[EXERCISE MATERIAL]
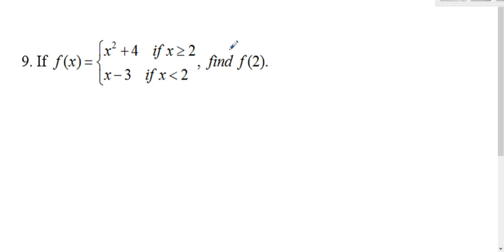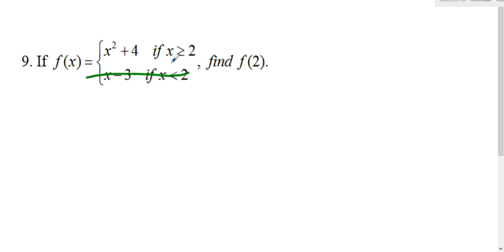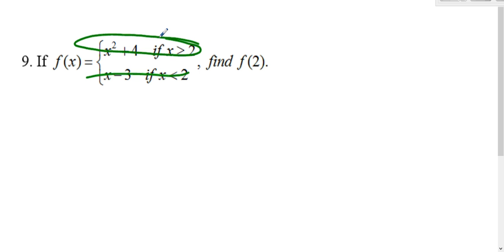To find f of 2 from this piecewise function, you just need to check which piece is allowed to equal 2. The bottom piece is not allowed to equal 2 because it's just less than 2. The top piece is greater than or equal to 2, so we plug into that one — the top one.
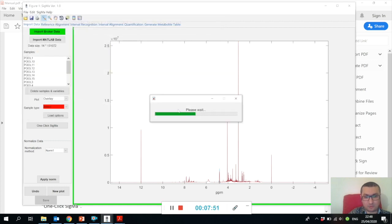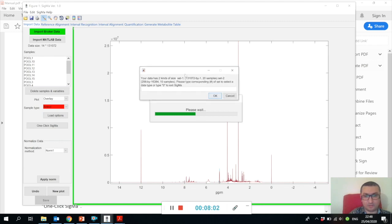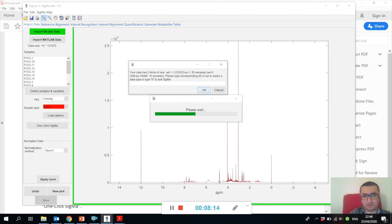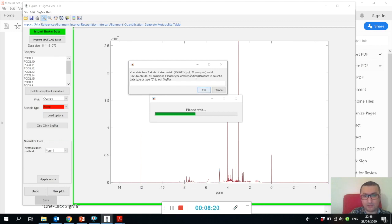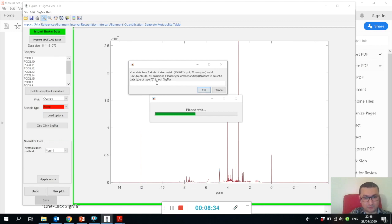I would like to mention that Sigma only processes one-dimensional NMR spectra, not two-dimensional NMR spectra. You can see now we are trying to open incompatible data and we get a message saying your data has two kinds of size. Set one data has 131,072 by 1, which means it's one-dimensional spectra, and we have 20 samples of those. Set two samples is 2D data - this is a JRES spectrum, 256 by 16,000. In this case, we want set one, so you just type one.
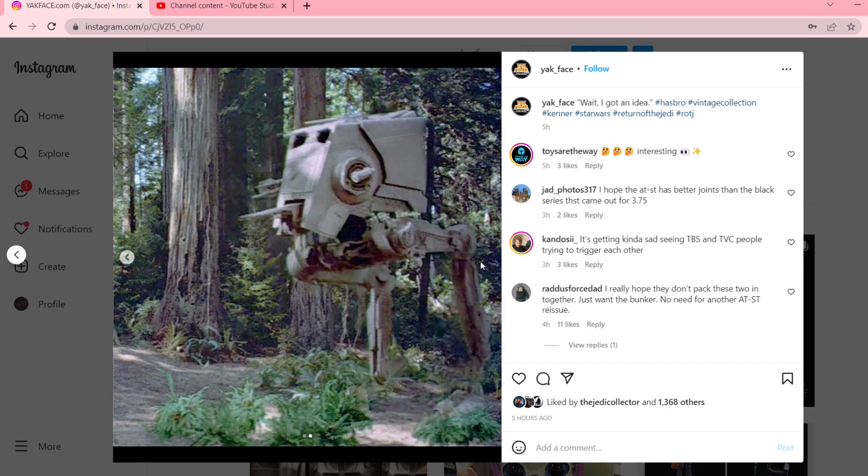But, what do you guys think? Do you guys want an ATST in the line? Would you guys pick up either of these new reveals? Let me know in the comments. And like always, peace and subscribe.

---

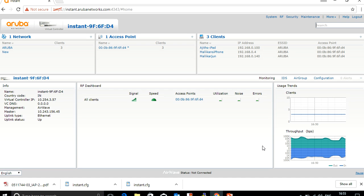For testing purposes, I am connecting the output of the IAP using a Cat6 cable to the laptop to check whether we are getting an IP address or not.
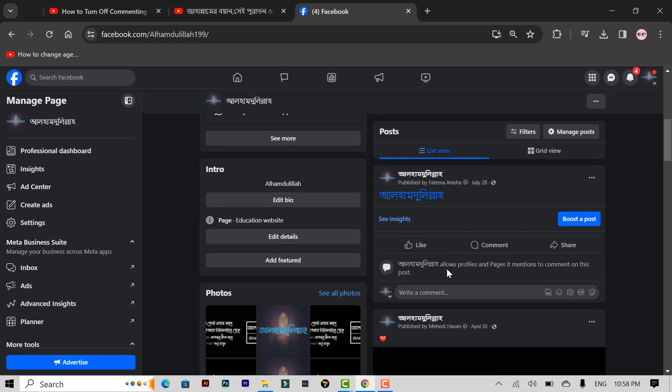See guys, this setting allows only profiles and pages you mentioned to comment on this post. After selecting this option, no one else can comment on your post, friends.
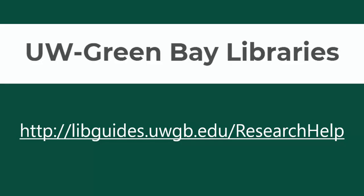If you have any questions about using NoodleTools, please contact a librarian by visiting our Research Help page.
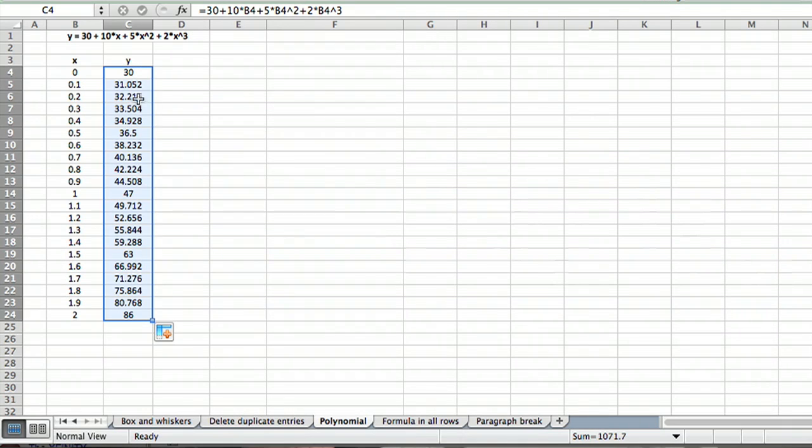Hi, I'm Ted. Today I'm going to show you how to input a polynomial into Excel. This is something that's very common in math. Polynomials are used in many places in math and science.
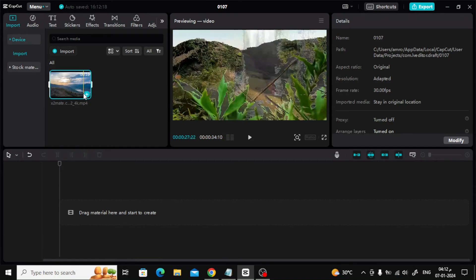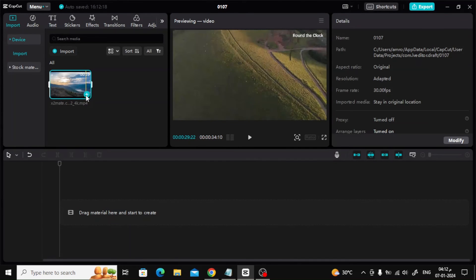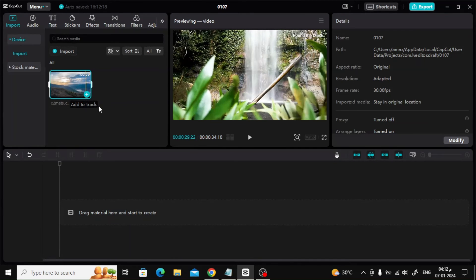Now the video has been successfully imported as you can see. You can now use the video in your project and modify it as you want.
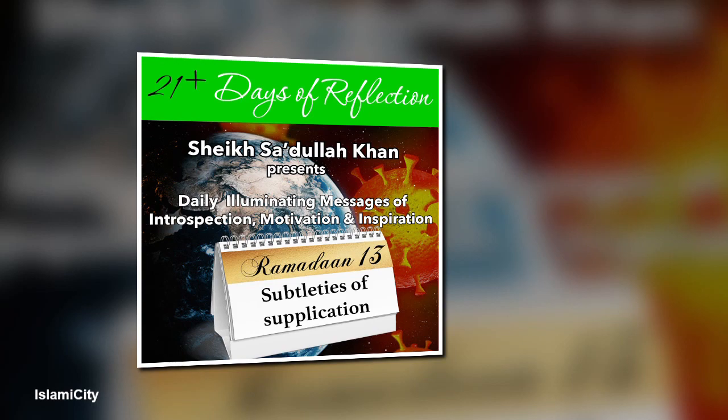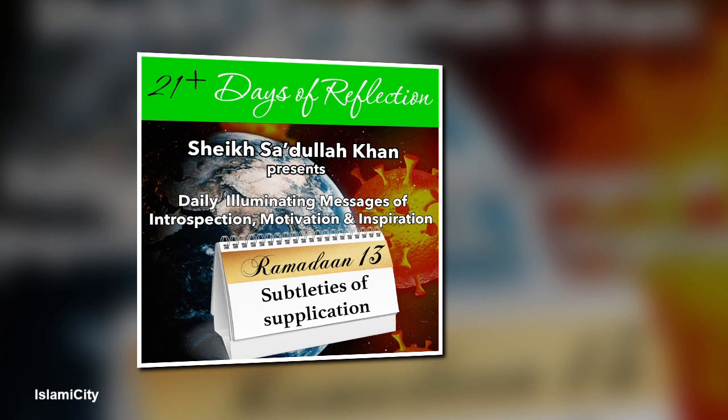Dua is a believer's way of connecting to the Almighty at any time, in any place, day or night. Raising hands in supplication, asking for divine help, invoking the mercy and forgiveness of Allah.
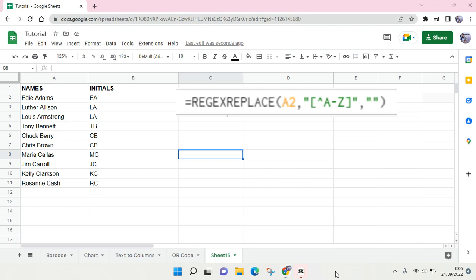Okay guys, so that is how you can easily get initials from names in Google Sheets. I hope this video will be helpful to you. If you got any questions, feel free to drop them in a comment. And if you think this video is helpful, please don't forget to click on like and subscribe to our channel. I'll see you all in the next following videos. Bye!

[WORK TO BE COMPLETED]
Would you copy the lines above exactly, starting with the one that has "I would like" and ending with the one that has "But, what do", both included, without the pictures?

[EXPECTED ANSWER]
I would like to mention that Sigma only processes one-dimensional NMR spectra, not two-dimensional NMR spectra. You can see now we are trying to open incompatible data and we get a message saying your data has two kinds of size. Set one data has 131,072 by 1, which means it's one-dimensional spectra, and we have 20 samples of those. Set two samples is 2D data - this is a JRES spectrum, 256 by 16,000. In this case, we want set one, so you just type one.
But, what do you guys think? Do you guys want an ATST in the line? Would you guys pick up either of these new reveals? Let me know in the comments. And like always, peace and subscribe.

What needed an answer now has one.